仮面幻双曲


1444年、英国王ヘンリー六世とフランス王シャルル七世はトゥールで休戦の協定を結び、百年以上前から延々と続いてきた英仏戦争もここで一息つくことになった。休戦にともない傭兵らは解散させられたが、まだまだ元気のありあまった不満分子は暴徒と化し、ノルマンディー一帯で略奪、強姦、焼き討ちと悪行をほしいままにした。シュオブの短篇「贋顔団(les faulx-visaiges)」はそんな時代の話である。

Googleで検索したところによると、どうやら贋顔団は実在した略奪部隊らしい。身元を知られないためか仮面をかぶって悪さをするためそんな名がついたという。そういえばペルッツの『スウェーデンの騎兵』の主人公の一人も、(舞台は二百年以上あとになるが)同じような覆面略奪団の首領だった。

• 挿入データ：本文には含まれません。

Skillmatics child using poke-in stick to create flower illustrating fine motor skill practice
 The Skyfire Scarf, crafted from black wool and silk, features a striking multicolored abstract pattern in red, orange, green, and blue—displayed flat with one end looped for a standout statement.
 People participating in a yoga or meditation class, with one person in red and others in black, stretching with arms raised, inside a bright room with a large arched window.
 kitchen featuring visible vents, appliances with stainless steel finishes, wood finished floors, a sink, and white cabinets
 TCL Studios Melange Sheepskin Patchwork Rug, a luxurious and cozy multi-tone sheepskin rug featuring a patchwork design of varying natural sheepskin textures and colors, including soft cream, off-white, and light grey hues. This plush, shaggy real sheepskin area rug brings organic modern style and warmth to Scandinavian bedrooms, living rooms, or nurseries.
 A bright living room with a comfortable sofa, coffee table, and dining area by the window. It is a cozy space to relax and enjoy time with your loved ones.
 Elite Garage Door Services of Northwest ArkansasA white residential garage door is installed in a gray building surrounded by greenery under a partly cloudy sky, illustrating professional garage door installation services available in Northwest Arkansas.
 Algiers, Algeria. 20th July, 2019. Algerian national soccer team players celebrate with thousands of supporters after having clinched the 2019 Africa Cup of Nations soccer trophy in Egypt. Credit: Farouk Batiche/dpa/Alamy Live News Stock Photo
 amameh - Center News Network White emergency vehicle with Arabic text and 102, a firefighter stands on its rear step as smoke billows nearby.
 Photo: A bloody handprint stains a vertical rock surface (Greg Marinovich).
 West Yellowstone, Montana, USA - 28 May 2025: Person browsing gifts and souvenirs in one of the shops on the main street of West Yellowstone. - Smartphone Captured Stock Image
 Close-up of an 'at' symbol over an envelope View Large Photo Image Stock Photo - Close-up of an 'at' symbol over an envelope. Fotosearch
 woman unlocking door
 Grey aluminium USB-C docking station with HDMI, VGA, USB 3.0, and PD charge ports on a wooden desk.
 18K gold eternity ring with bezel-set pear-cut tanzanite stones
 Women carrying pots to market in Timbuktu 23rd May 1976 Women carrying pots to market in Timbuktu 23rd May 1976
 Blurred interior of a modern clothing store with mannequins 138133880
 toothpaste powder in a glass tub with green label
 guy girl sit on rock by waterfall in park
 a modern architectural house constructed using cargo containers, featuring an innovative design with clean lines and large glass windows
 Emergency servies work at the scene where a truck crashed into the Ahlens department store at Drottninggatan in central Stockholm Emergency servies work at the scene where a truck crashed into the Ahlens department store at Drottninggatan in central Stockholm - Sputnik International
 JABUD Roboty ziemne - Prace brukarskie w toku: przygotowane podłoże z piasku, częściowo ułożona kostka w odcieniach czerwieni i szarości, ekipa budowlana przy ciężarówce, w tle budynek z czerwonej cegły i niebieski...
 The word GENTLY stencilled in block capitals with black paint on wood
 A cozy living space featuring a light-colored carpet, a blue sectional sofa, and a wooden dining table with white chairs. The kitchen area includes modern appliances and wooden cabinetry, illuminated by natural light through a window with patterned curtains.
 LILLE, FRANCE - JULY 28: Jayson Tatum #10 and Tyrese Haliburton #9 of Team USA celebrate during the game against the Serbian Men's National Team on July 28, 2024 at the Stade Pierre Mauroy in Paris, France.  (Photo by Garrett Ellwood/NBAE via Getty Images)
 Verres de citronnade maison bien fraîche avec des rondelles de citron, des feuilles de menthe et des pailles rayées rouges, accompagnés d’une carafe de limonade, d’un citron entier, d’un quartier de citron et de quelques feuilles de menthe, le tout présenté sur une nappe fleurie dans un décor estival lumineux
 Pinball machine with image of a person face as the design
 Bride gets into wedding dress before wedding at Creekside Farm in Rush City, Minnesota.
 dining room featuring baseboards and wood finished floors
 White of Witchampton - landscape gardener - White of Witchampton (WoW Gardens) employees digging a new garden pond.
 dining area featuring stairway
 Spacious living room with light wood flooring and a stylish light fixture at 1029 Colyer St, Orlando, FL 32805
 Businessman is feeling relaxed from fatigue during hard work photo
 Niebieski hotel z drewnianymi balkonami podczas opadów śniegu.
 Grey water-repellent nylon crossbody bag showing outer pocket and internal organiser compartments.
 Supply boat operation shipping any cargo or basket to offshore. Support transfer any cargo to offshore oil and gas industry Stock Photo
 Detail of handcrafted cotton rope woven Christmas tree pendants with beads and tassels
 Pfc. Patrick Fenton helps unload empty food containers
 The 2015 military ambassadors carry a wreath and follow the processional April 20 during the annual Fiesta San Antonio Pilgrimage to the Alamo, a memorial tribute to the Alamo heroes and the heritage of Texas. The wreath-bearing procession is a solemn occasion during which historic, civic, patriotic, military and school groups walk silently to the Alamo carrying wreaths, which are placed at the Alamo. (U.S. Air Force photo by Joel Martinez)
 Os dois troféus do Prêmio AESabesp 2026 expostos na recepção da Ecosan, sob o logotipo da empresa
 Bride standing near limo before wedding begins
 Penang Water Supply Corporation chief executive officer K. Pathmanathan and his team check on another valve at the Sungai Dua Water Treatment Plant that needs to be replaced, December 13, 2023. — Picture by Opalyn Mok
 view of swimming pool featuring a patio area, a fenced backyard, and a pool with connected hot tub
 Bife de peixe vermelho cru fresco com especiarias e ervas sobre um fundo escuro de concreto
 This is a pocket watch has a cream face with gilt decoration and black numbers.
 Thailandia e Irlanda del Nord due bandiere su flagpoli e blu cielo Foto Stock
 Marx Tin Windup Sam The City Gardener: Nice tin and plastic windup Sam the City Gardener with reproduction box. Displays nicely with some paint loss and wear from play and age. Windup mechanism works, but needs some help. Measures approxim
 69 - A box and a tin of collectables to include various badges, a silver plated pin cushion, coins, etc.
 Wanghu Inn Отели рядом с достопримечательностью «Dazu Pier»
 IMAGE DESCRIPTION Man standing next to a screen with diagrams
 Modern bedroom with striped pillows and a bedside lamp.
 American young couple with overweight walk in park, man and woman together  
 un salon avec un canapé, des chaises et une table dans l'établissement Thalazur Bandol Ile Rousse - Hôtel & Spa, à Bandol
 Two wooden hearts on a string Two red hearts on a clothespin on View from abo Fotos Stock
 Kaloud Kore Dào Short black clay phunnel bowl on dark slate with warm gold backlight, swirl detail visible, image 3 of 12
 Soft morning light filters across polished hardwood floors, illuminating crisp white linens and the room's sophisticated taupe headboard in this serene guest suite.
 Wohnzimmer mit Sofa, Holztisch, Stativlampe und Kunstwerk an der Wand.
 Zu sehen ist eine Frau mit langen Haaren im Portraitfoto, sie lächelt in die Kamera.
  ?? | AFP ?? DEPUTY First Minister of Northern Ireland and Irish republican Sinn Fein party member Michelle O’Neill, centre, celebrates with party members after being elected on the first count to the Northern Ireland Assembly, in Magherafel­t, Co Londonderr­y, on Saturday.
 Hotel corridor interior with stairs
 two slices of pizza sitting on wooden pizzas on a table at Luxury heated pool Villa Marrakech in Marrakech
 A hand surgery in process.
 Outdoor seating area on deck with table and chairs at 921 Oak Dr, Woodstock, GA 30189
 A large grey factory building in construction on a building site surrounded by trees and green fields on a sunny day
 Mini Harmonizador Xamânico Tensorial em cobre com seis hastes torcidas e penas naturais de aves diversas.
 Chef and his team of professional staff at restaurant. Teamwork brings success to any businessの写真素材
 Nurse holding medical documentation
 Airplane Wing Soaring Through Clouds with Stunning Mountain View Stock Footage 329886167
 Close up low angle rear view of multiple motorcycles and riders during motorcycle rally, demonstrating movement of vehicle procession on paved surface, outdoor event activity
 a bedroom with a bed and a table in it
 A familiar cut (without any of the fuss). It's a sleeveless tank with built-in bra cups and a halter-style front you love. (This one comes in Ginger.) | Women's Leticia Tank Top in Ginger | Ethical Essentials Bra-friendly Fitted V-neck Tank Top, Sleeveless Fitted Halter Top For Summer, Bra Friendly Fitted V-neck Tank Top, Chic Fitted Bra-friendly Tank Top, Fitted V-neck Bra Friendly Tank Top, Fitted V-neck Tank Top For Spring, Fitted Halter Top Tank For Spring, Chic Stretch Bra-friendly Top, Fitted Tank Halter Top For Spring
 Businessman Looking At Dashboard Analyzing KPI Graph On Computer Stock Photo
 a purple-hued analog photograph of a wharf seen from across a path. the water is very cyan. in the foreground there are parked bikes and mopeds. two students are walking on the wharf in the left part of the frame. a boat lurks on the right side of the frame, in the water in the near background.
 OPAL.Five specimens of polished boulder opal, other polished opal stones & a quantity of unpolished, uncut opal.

だがその贋顔団もついに捕らえられ、首領が拷問にかけられる。コナン・ドイルの短篇で有名になった革の漏斗が出てくる。激しい責苦を受けながらも「贋顔団」の首領は口を割らず仮面も脱がない。おお、よく見ると拷問してる人も金の仮面をかぶっているではないか。いったいどちらがどちらなのか。